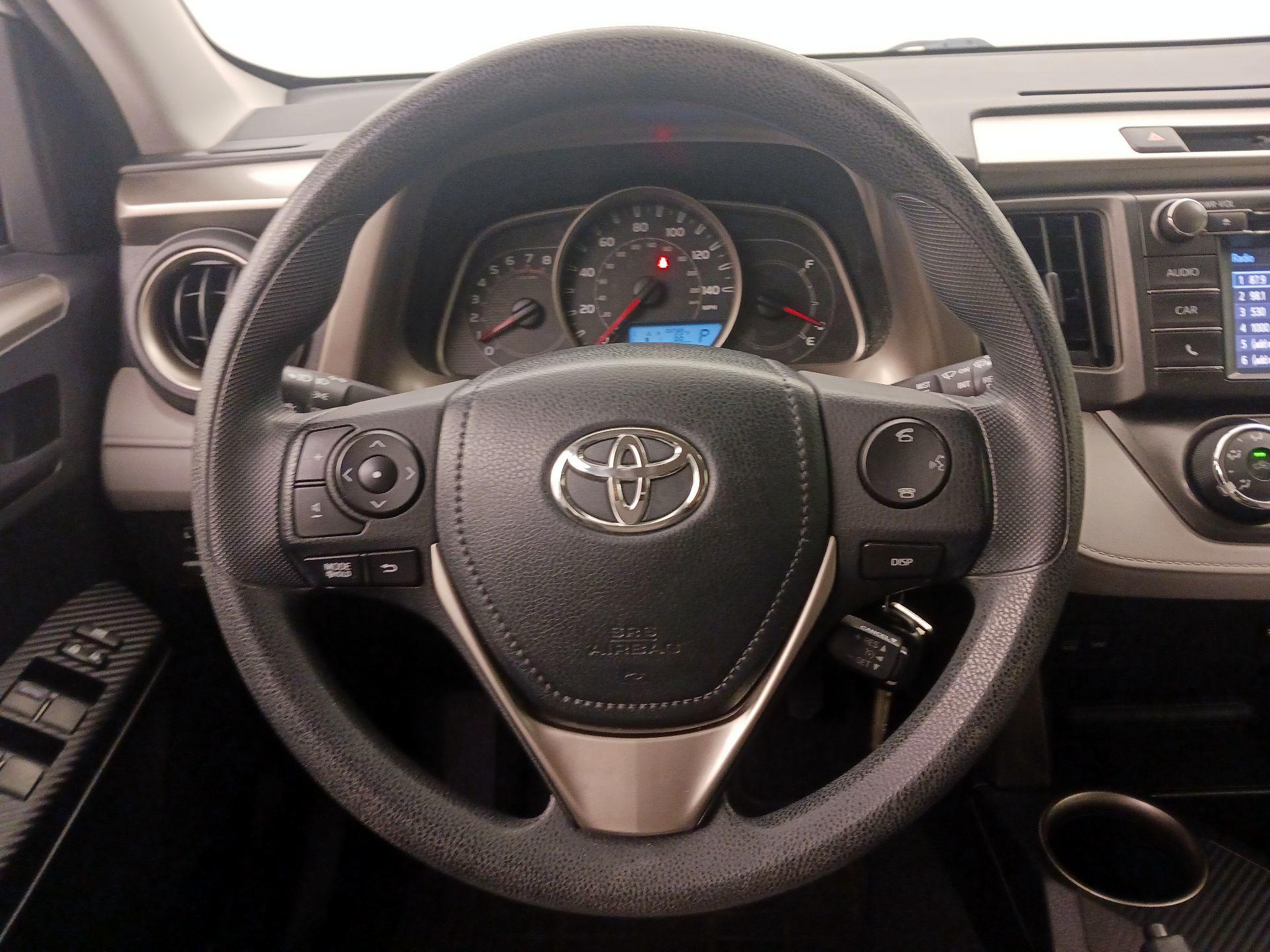 Thumbnail: 2015 Toyota RAV4 - 10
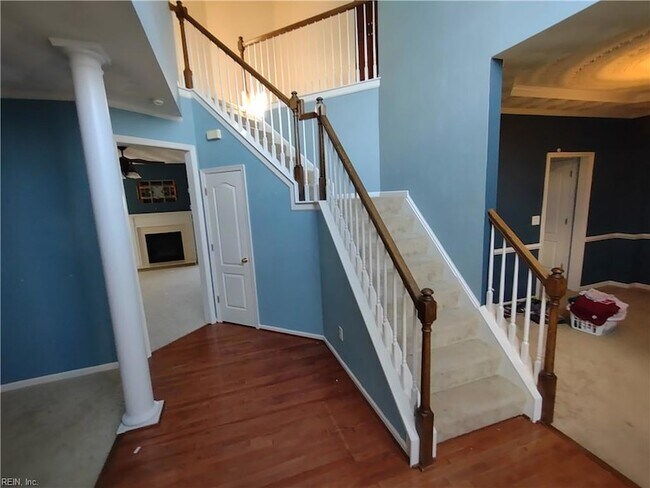 Building Photo - 968 Jenkins Dr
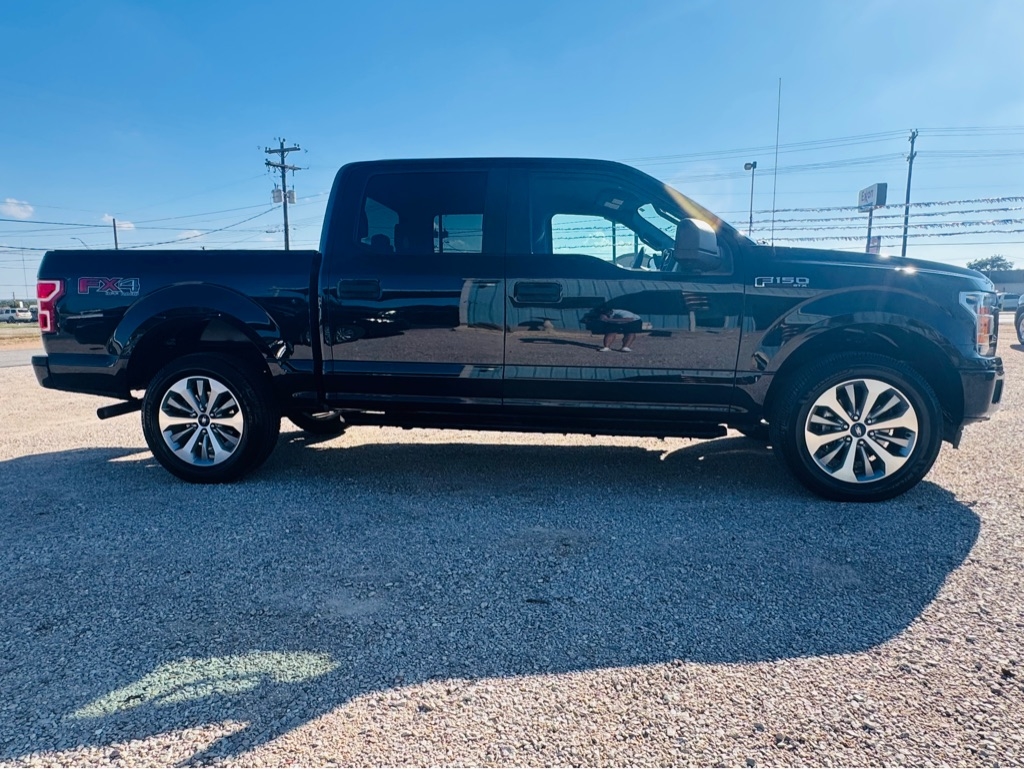 Ford F-150 XL SuperCrew 5.5-ft. Bed 4WD 2018 Ford F-150 XL SuperCrew 5.5-ft. Bed 4WD 2018
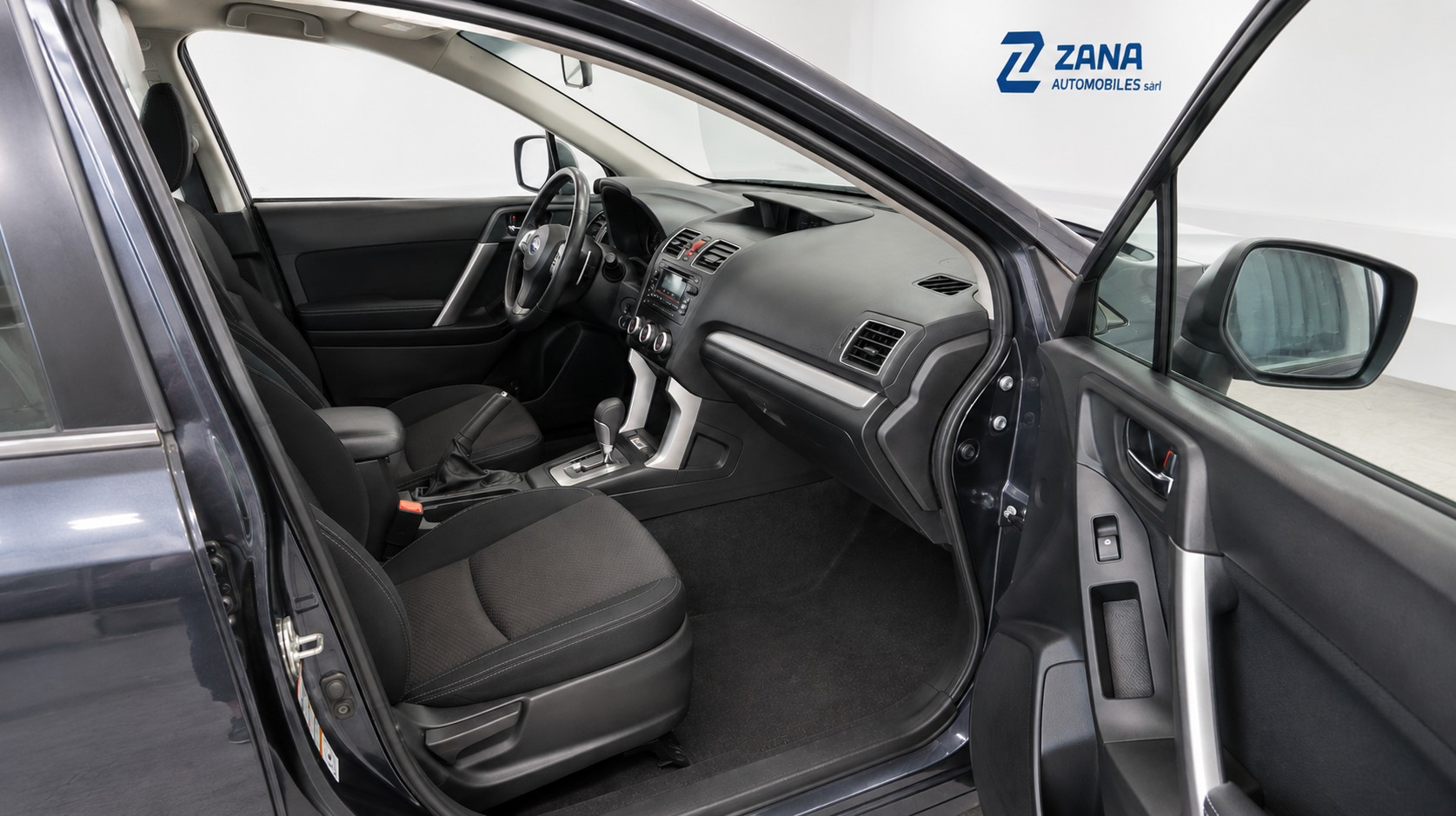 SUBARU Forester 2.0i Swiss Lineartronic-image-9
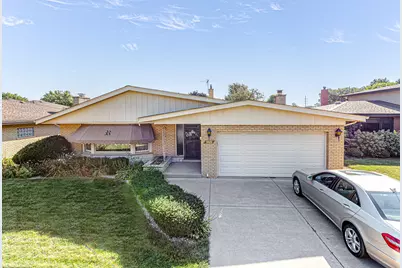 9825 S Kilbourn Avenue, Oak Lawn, IL 60453 - Photo 1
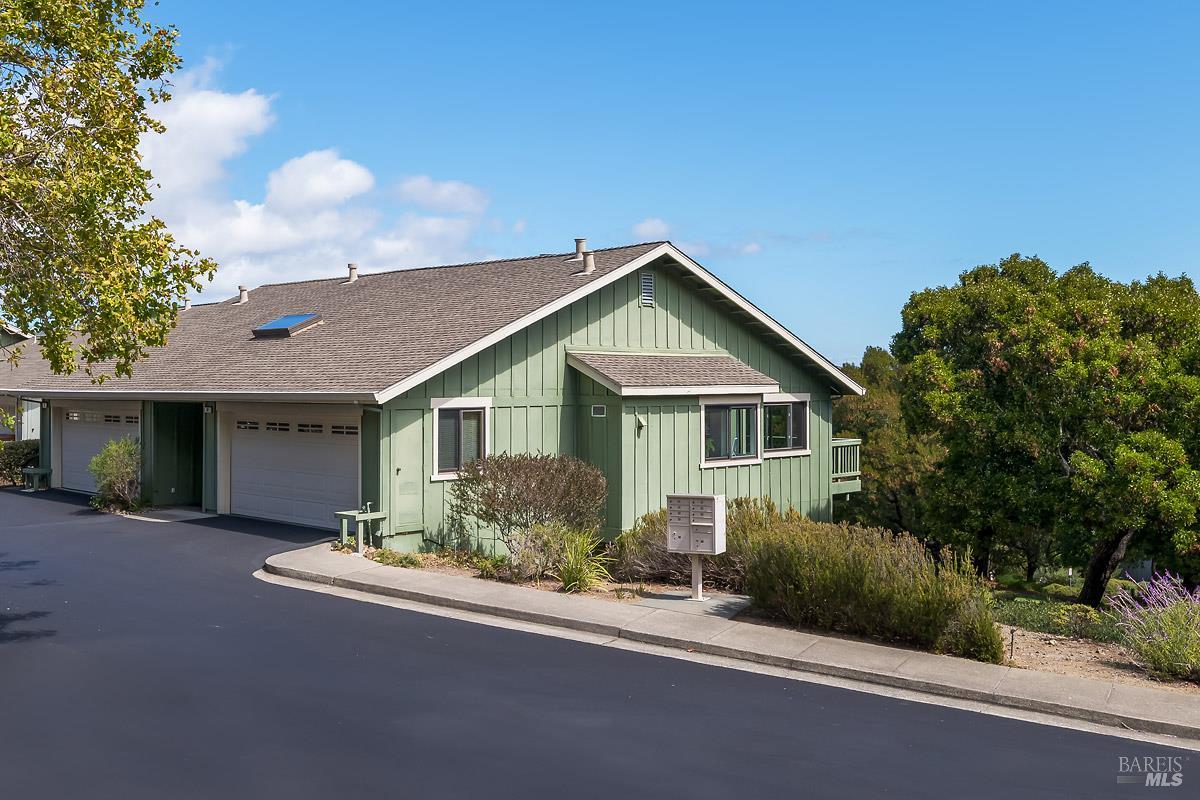 30 Toyon Ct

────────────────────

■ Task item:
Print exactly, and only, the lines from the line containing "Ford F-150 XL SuperCrew 5.5-ft. Bed 4WD 2018 Ford" to the last line of the material above, with every picture left out.

■ Result of the task:
 Ford F-150 XL SuperCrew 5.5-ft. Bed 4WD 2018 Ford F-150 XL SuperCrew 5.5-ft. Bed 4WD 2018
 SUBARU Forester 2.0i Swiss Lineartronic-image-9
 9825 S Kilbourn Avenue, Oak Lawn, IL 60453 - Photo 1
 30 Toyon Ct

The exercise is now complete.